2.0 Change in the attitude of the citizen: Certain class of citizen are not ready to change from their ancient ways of waste management which supports dumping of waste into streams and rivers. It is believed by another class that there is no proper way of managing wastes, which is responsible for some commuters dropping wastes through the windows of their vehicles as they travel along. It is suggested that the government should use radio and television jingles to address a need for change of these attitude.

3.0 Change in position of the government: The government should change from the position of making it a full responsibility of the citizen to meet the financial requirements of waste management. Also, there are certain remote areas of the city that are difficult to be covered by waste management contractors because of bad roads and long distances. Provision should be made for habitants of such areas to bring their wastes to a central place for collection at the payment of a token for convenience and to encourage compliance to waste management rules. 

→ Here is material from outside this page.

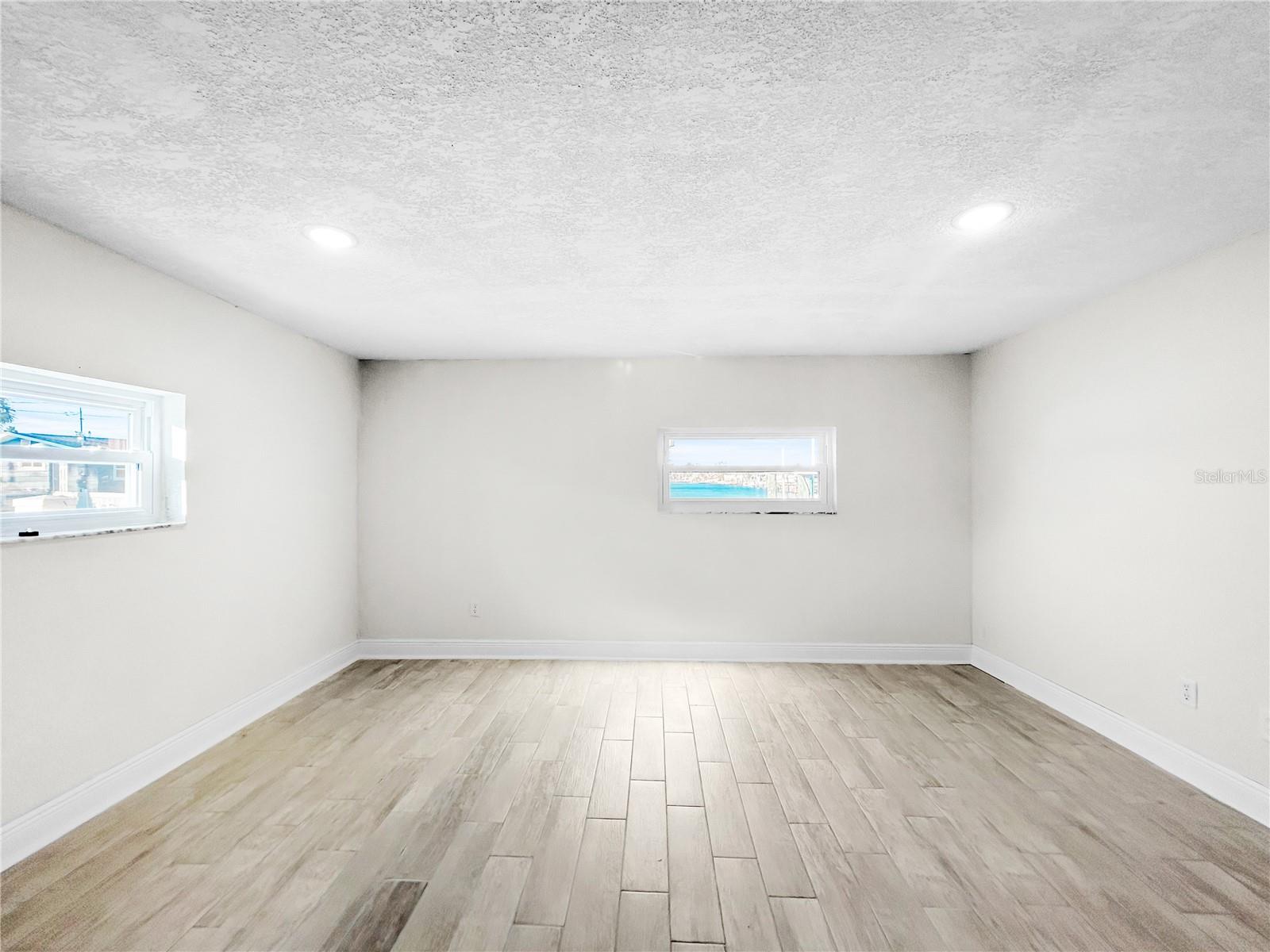 Image 30 of 39 For 6427 Boatyard Drive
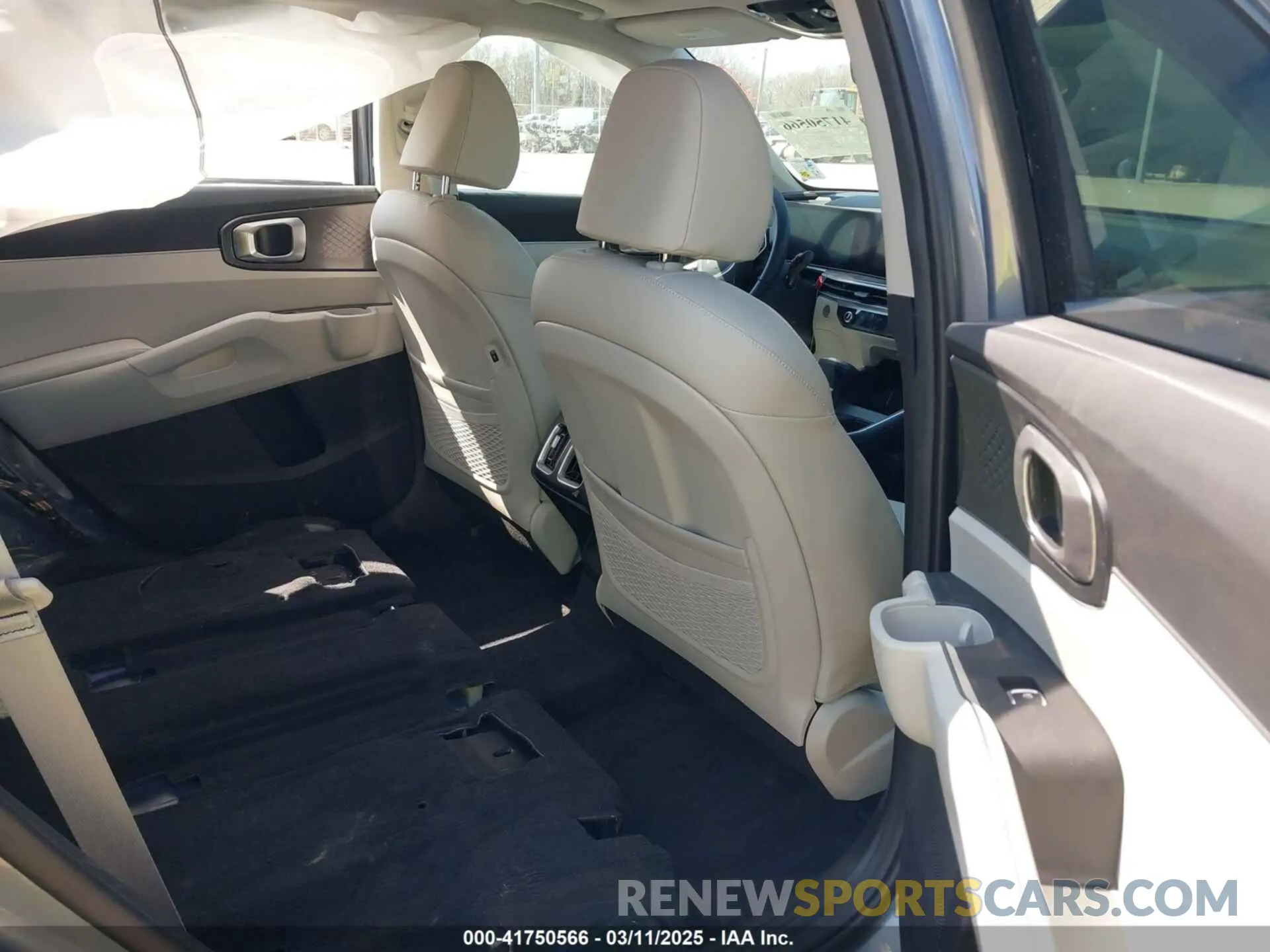 8 fotografías del automóvil dañado 5XYRH4JF9SG325771 KIA SORENTO 2025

When one considers the immense dangers of indiscriminate waste management on environment and health of habitants, it is clear that a positive change in attitude of citizens, position of the government and method of disposal is what we need. It might be difficult to get these things done, but with right education, readiness and encouragement, it is possible. If we truly see nature, environment and the ecosystem as a divine work of art, then we must aim to keep and treasure it like it is one. 



[1] Fazzo, L., Minichilli, F., Santoro, M. et al. Hazardous Waste and Health Impact: a systematic review of the scientific literature. Environ Health 16, 107 (2017). 

[2] Elias Mazhindu, Trynos Gumbo and Tendayi Gondo (October 26th 2012). Waste Management Threats to Human Health and Urban Aquatic Habitats – A Case Study of Addis Ababa, Ethiopia. 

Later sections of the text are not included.